┏━━
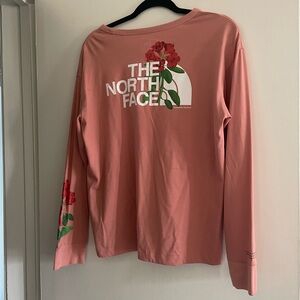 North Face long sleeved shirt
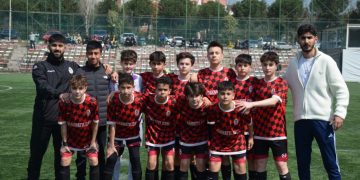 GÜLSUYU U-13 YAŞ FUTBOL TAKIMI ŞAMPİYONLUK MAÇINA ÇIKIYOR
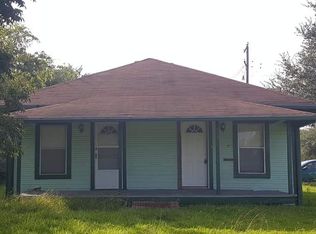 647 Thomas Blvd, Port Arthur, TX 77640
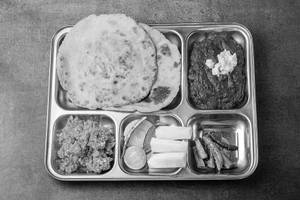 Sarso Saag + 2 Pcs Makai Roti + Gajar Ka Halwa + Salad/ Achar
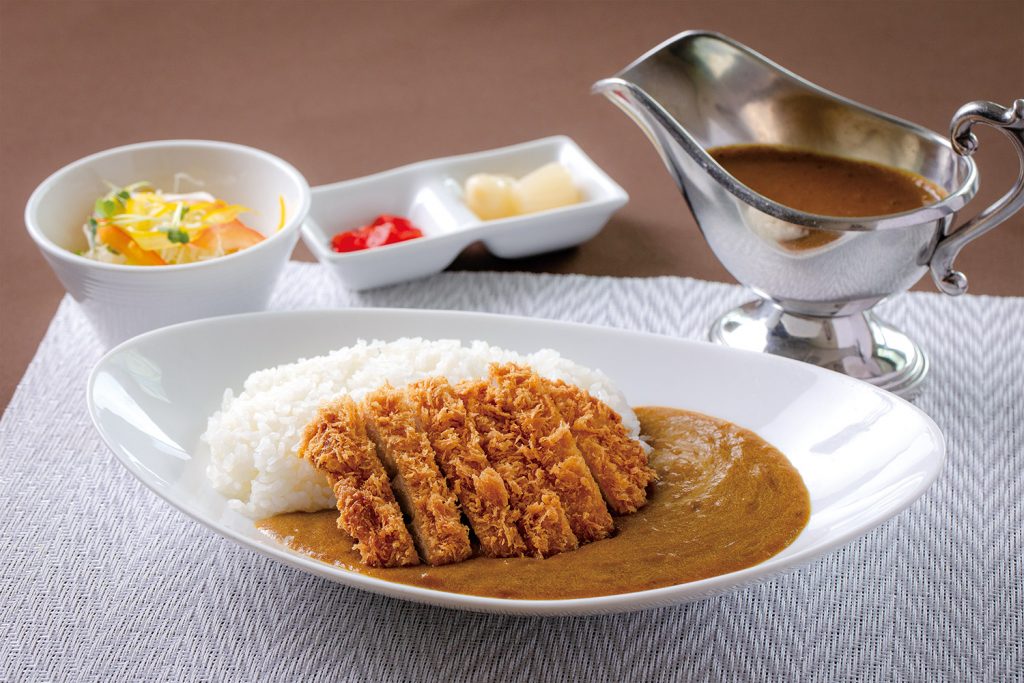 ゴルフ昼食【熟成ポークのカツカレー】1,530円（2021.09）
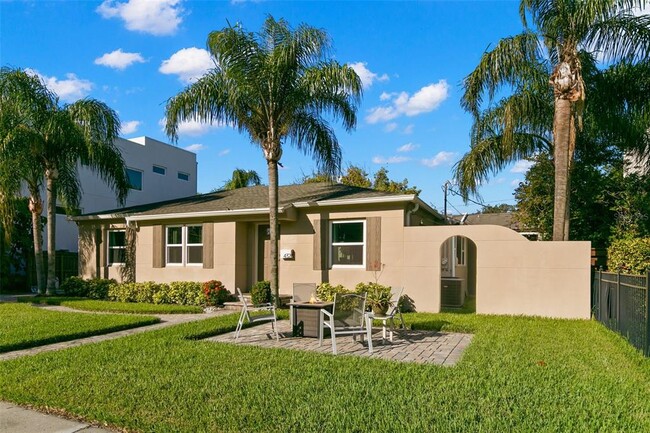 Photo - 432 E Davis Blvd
┗━━
┏━━
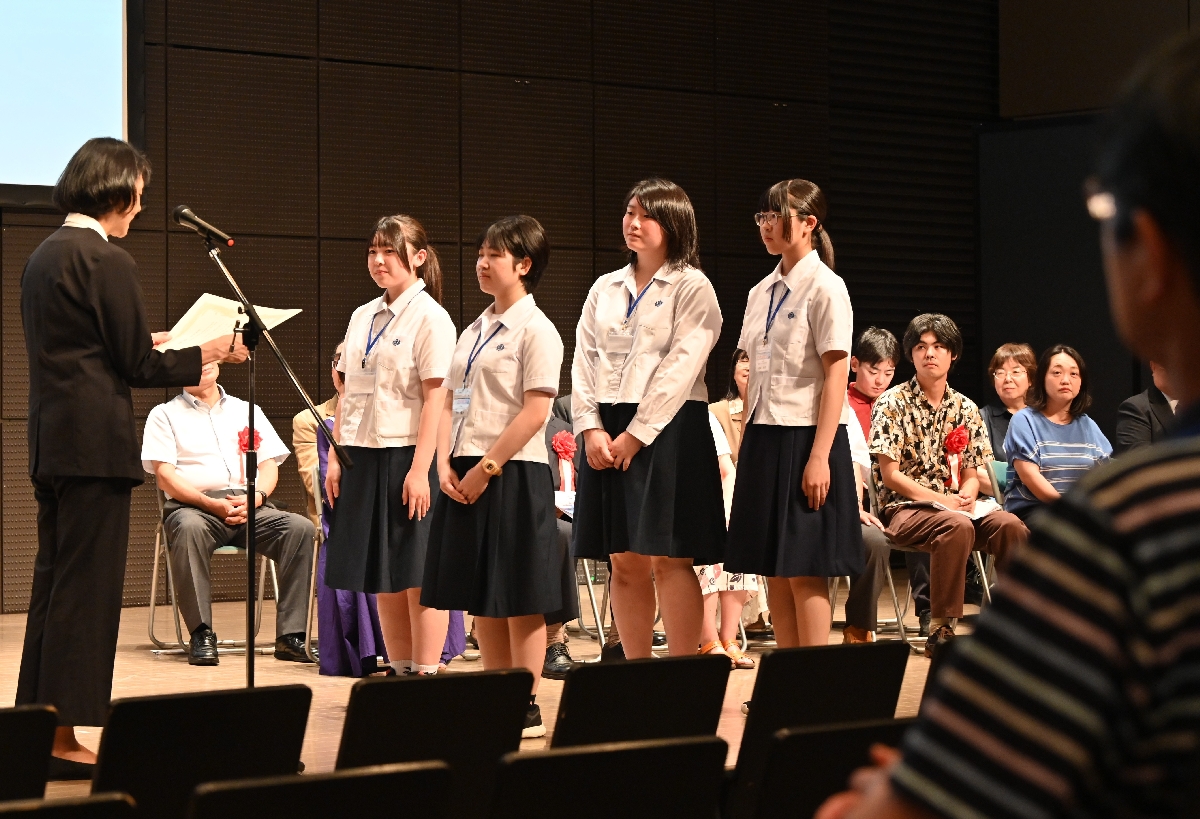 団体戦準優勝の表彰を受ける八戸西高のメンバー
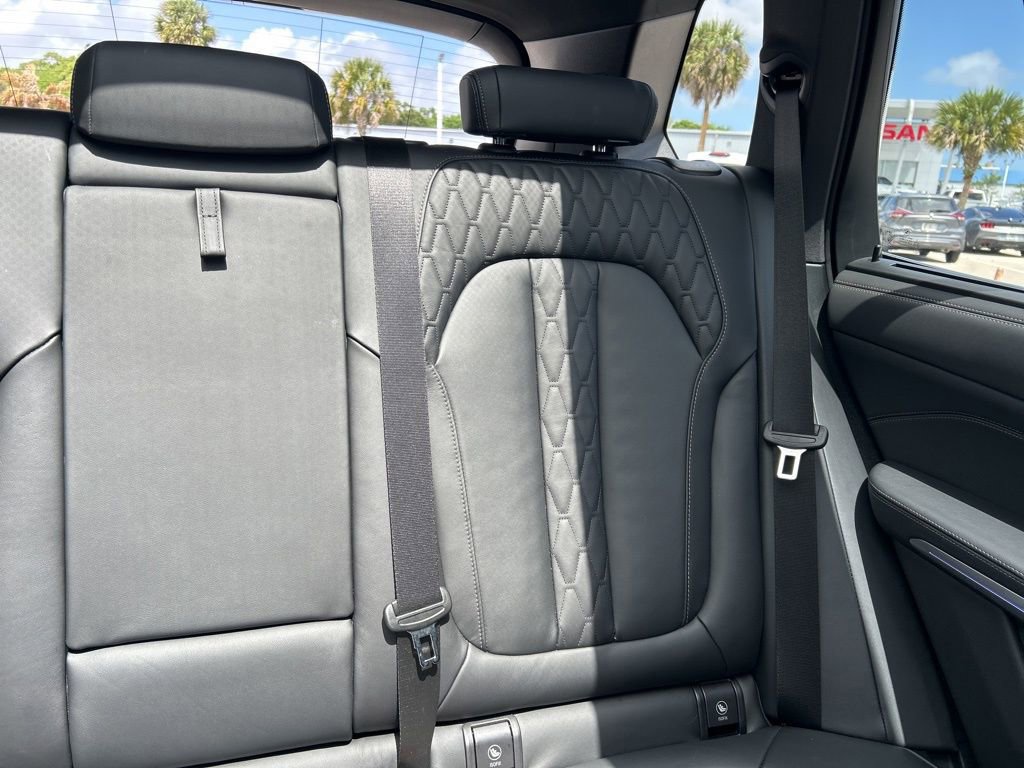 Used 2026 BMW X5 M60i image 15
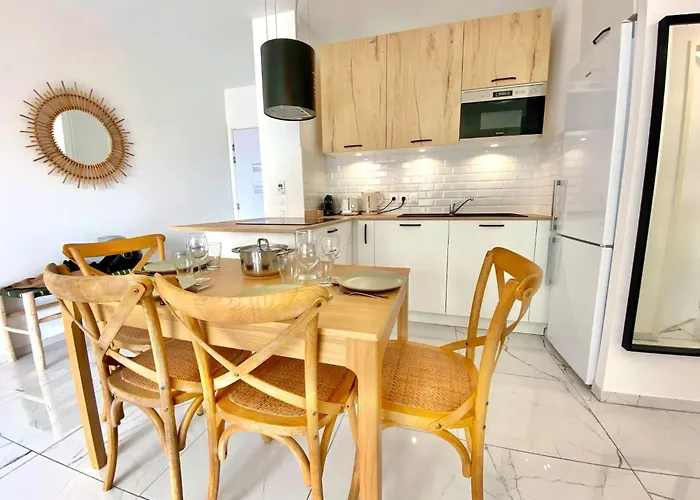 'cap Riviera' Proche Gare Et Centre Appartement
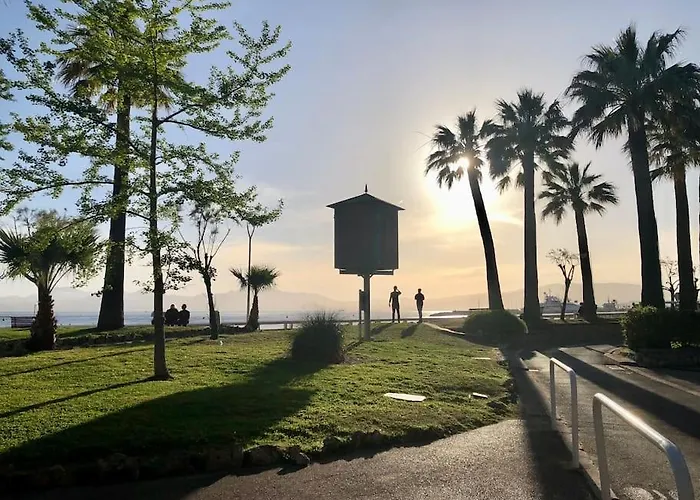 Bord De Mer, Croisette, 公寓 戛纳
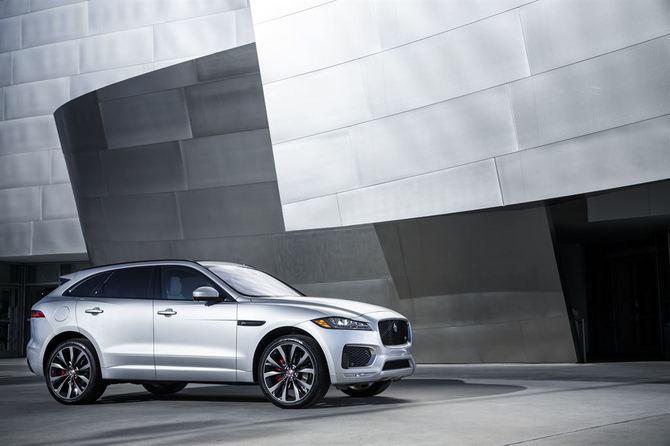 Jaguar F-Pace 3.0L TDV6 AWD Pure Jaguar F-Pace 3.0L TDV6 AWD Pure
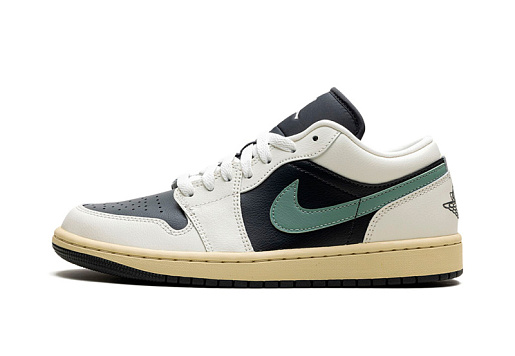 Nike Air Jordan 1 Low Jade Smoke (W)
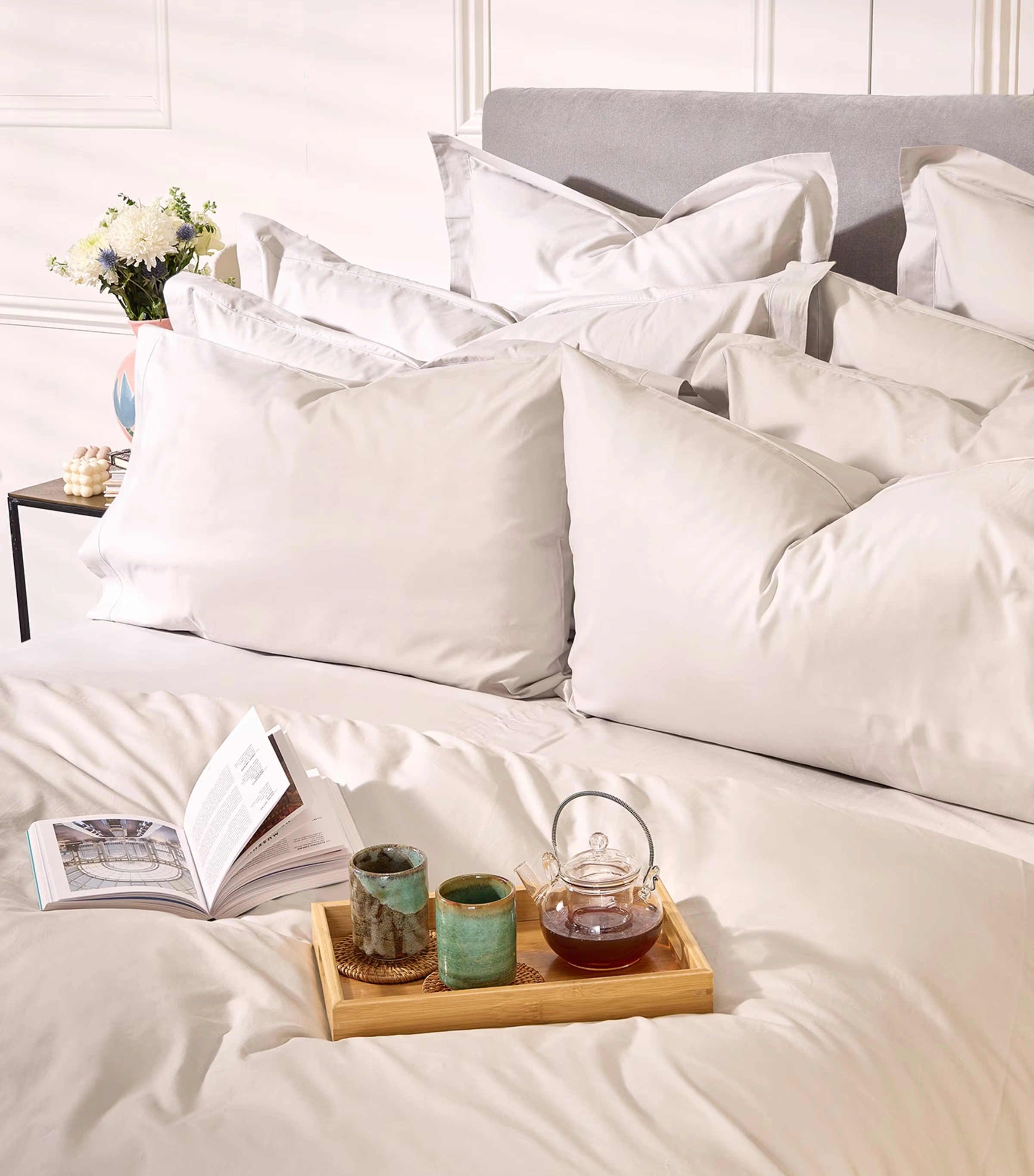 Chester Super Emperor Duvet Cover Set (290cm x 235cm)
┗━━
Copy back exactly the lines above from the one containing "North Face long sleeved shirt" through the one containing "Photo - 432 E Davis Blvd", and leave every picture behind.

 North Face long sleeved shirt
 GÜLSUYU U-13 YAŞ FUTBOL TAKIMI ŞAMPİYONLUK MAÇINA ÇIKIYOR
 647 Thomas Blvd, Port Arthur, TX 77640
 Sarso Saag + 2 Pcs Makai Roti + Gajar Ka Halwa + Salad/ Achar
 ゴルフ昼食【熟成ポークのカツカレー】1,530円（2021.09）
 Photo - 432 E Davis Blvd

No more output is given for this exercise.